| EXERCISE DESCRIPTION |
For this exercise, reproduce only the lines from the one holding "宝马X3 2023款 xDrive30i 领先型 M曜夜套装中控内饰18" through the final line of the data below, exactly, and omit pictures.

Start of TASK INPUT

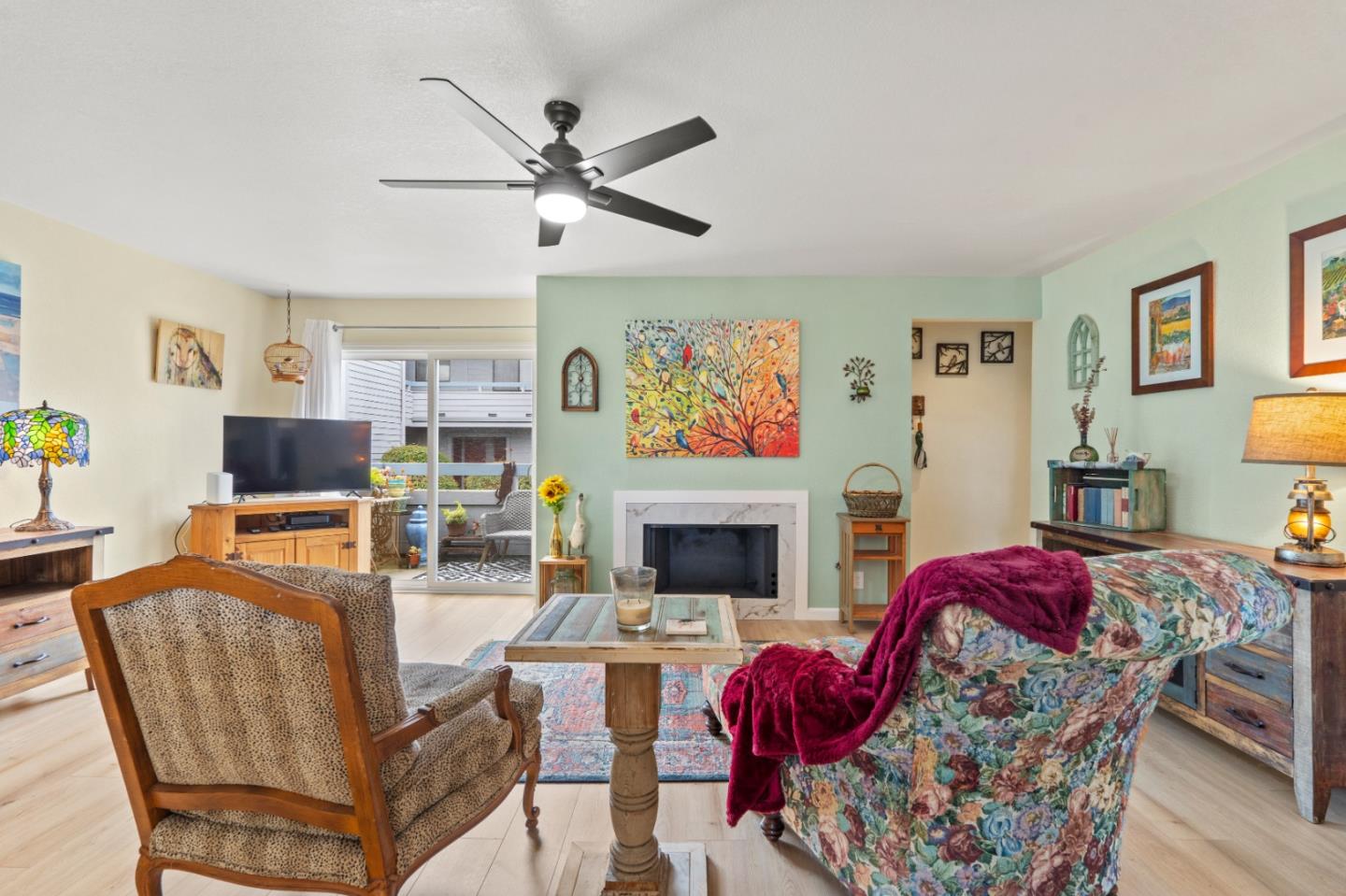 Front Image Thumbnail for ML82005612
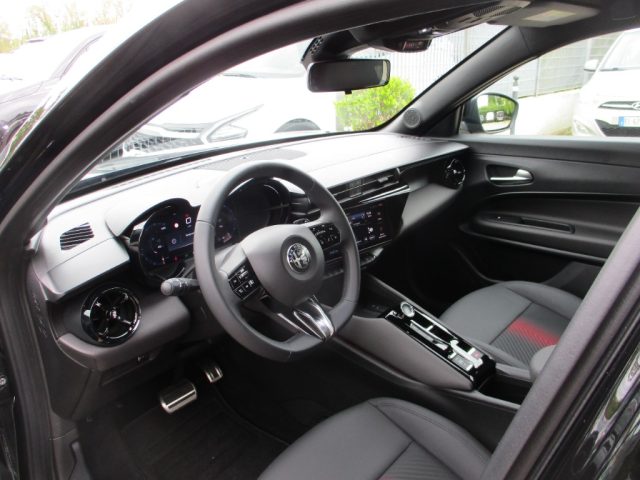 Alfa Romeo Junior 1.2 136 CV Hybrid eDCT6 Speciale, del 2025, 1 km, in vendita a Mogliano Veneto (TV)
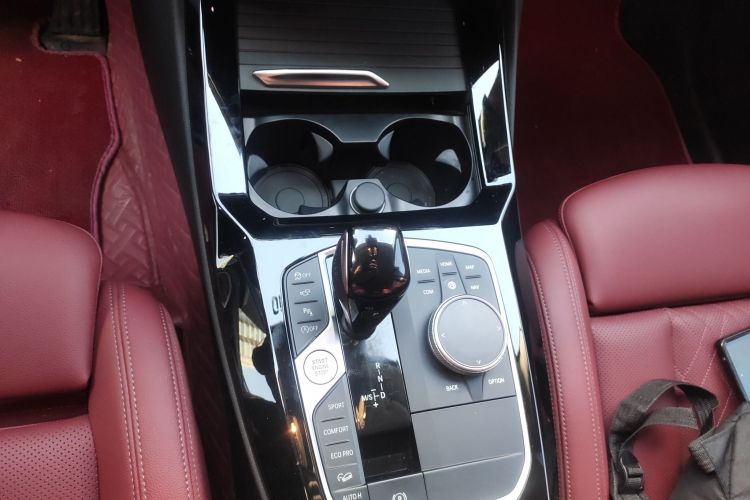 宝马X3 2023款 xDrive30i 领先型 M曜夜套装中控内饰18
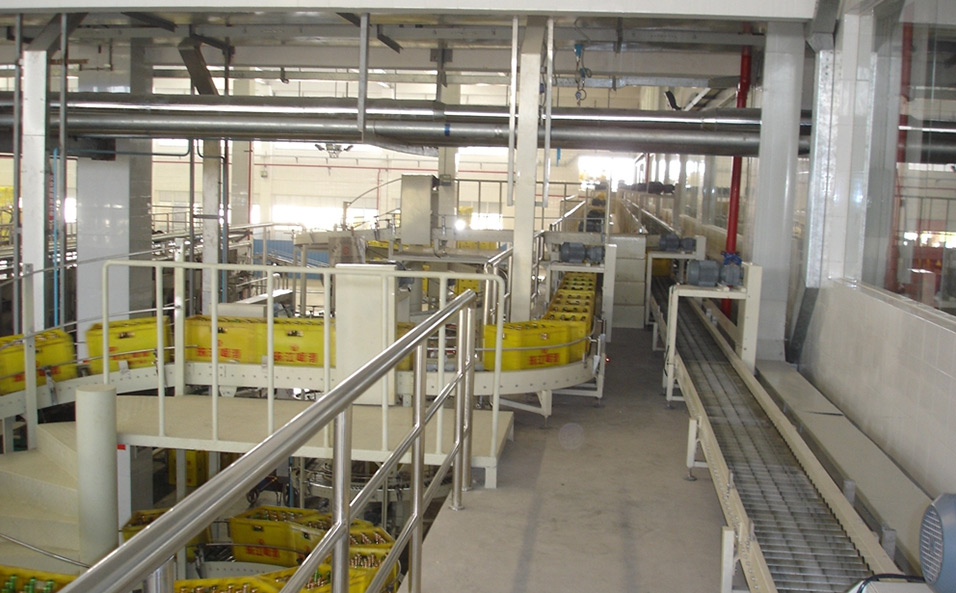 Beer crate conveyor system
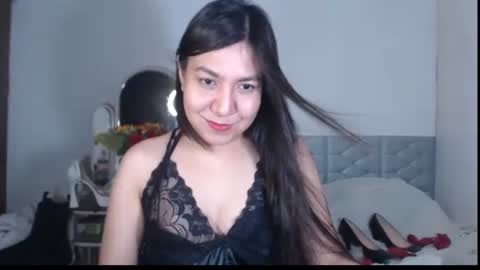 Snapshot of stellahugets chatting on 09/24/25, 03:04 Stella online show from 09/24/25, 03:04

End of TASK INPUT

| COMPLETED EXERCISE |
 宝马X3 2023款 xDrive30i 领先型 M曜夜套装中控内饰18
 Beer crate conveyor system
 Snapshot of stellahugets chatting on 09/24/25, 03:04 Stella online show from 09/24/25, 03:04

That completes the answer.